Vous dites que vous avez conscience des fortes contraintes qui pèsent sur cette industrie mais que vous voulez en dresser un tableau plus nuancé, puisque j'en aurais, paraît-il, brossé une image apocalyptique, ce que je ne pense pas. J'ai dit simplement que si l'entreprise Toyota vient, comme elle l'a prévu, construire 200 000 véhicules, 100 000 la première année puis 200 000 la deuxième année, il faudra bien les écouler, ce qui se traduira par des pertes de parts de marché.
On ne peut pas s'opposer à la concurrence, dites-vous, mais cette concurrence ne se fait pas à armes égales dans ce cas ! En effet, un constructeur va embaucher des jeunes de vingt à vingt-cinq ans, alors que l'autre devra bien supporter, et vous y avez fait allusion, une pyramide des âges dans laquelle les personnes ayant entre quarante-cinq et cinquante ans sont les plus nombreuses ; ces dernières n'ont pas les mêmes performances physiques et ne peuvent évidemment pas avoir la même rentabilité au travail que des jeunes ! Et je ne parle pas ici des méthodes japonaises, auxquelles j'ai fait allusion tout à l'heure.
La concurrence est d'autant moins égale que Toyota va bénéficier de primes pour l'installation au moment où, vous ne pouvez l'ignorer, Peugeot a dépensé 8 milliards de francs pour moderniser son centre de production de Sochaux, sans aucune aide.
Vous dites par ailleurs que nous avons atteint le point historiquement le plus bas en 1997. On peut s'interroger : les constructeurs français n'iront-ils pas plus bas encore ? Je ne suis pas d'un naturel optimiste, c'est vrai, mais rien ne permet de dire que ce palier historique ne sera pas dépassé !
Je ne nie pas l'effet d'accélération induit par les primes Balladur et Juppé, mais il ne faut quand même pas oublier la volonté de sécuriser et de moderniser notre parc automobile. Cela a tout de même permis de mettre à la casse de nombreux véhicules qui étaient dangereux ! C'est la raison pour laquelle nous nous félicitons aujourd'hui d'avoir fait ce que nous avons fait.

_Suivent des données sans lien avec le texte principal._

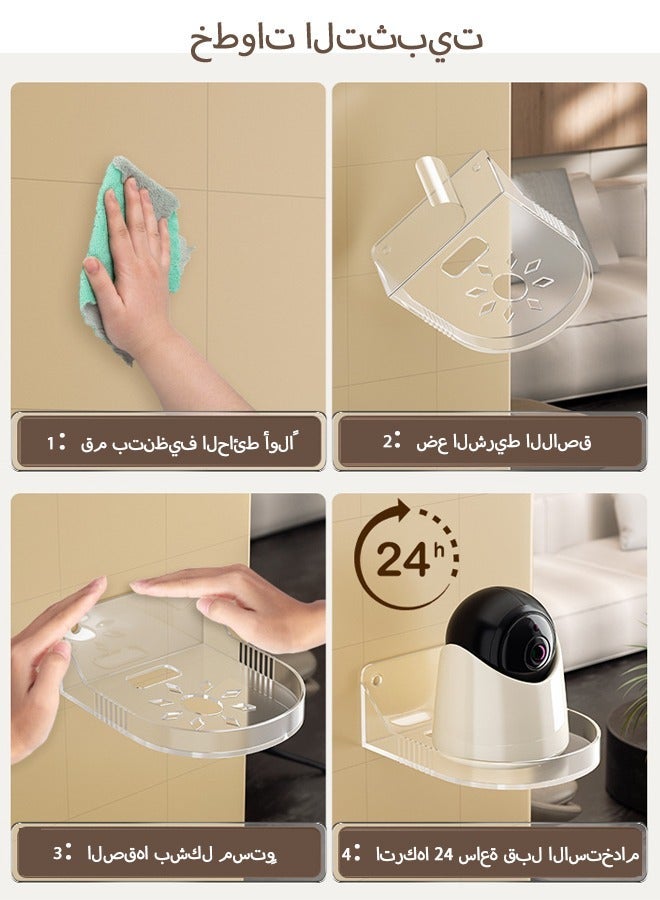 جي آر كيه سي طقم رفوف حائطية عائمة من الأكريليك 3 قطع لكاميرات الأمان، أجهزة مراقبة الأطفال، مكبرات الصوت وأكثر - فتحة كابل كبيرة في الأسفل، خيارات تركيب بدون حفر وتركيب بالحفر (أبيض شفاف) - Image 4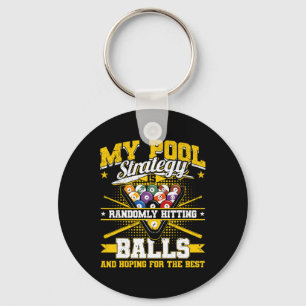 Funny Billiards Pool Strategy Randomly Hitting Men Key Ring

On passera, dites-vous, par une amélioration de la qualité et par une réduction des coûts. Cela entraînera-t-il la fermeture de certains centres ? On peut très sérieusement s'interroger sur ce point. Ainsi, actuellement, un centre comme celui de Sochaux-Montbéliard, dont l'effectif était naguère de 42 000 personnes, ne compte plus aujourd'hui que 19 000 personnes. Doit-on aller beaucoup plus loin encore ? La tentation sera très forte pour certains fabricants !
Je me demande, à cet égard, ce qui va être annoncé au prochain comité central d'entreprise de Peugeot ! Je crois qu'il y a effectivement là de très graves dangers.
Vous dites qu'il est préférable que la concurrence s'implante chez nous plutôt que chez nos voisins. Ce n'est pas du tout l'avis des constructeurs que j'ai entendus sur ce sujet !
Enfin, quand vous dites que les aides publiques ne sont pas supérieures à 4 ou 5 %, je crois que vous en oubliez quelques-unes, parce que à la prime d'aménagement du territoire il faut ajouter les aides des collectivités locales et les exonérations de taxe professionnelle. Tout cela s'additionne, vous le savez fort bien, pour atteindre 17 %. Je ne vois d'ailleurs pas les Japonais se contenter d'un taux de 5 % alors qu'ils peuvent partout ailleurs obtenir 17 % !
Vous dites aussi que Peugeot restera sur le centre de production de Sochaux. J'en accepte l'augure, et je le souhaite évidemment personnellement, mais je m'interroge surtout actuellement sur le bien-fondé des aides que nous apportons aux constructeurs étrangers qui viennent s'installer dans un secteur qui est déjà en surcapacité évidente.
M. le président. Mes chers collègues, toute une série de questions sont maintenant adressées à M. le ministre de l'équipement, des transports et du logement, dont je salue la présence au banc du Gouvernement. Or celui-ci a ce matin d'autres obligations devant l'Assemblée nationale. Par conséquent, je vous demande de respecter le plus rigoureusement possible les temps de parole qui vous sont impartis, afin que M. Gayssot puisse répondre à chacun.